Activity »
Take the data below and copy exactly the lines starting at the one with "nibuuecer Solar Fence" and finishing at the one with "Chaveiro de Blona", both included.

Task material »
Content starts
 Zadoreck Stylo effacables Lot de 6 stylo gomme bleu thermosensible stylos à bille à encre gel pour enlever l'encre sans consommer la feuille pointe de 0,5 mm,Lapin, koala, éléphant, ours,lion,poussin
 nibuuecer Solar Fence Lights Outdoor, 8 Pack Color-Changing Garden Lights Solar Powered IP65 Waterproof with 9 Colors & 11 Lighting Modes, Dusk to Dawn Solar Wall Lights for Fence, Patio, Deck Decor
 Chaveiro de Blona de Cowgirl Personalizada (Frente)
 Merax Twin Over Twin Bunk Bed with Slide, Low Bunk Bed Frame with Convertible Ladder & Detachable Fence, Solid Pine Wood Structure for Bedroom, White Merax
Content ends
Content starts
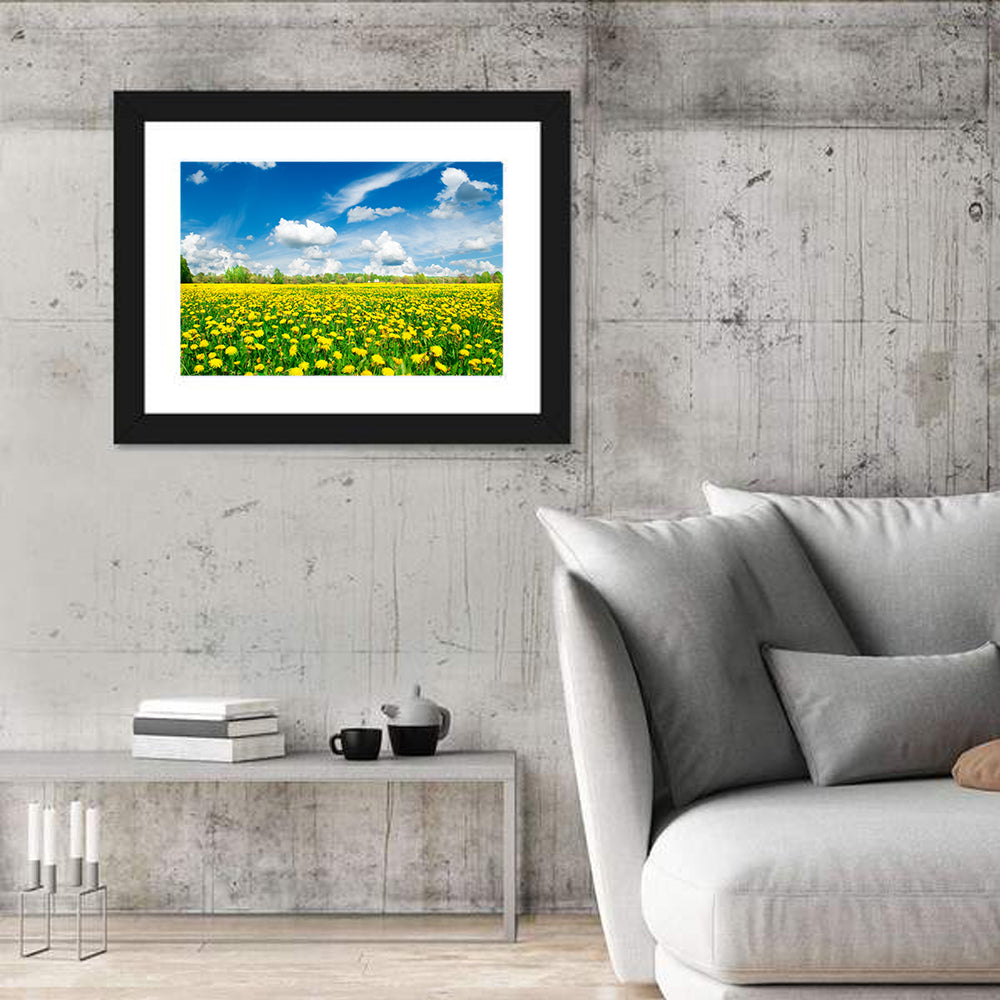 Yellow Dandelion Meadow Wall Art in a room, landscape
Content ends
Written response »
 nibuuecer Solar Fence Lights Outdoor, 8 Pack Color-Changing Garden Lights Solar Powered IP65 Waterproof with 9 Colors & 11 Lighting Modes, Dusk to Dawn Solar Wall Lights for Fence, Patio, Deck Decor
 Chaveiro de Blona de Cowgirl Personalizada (Frente)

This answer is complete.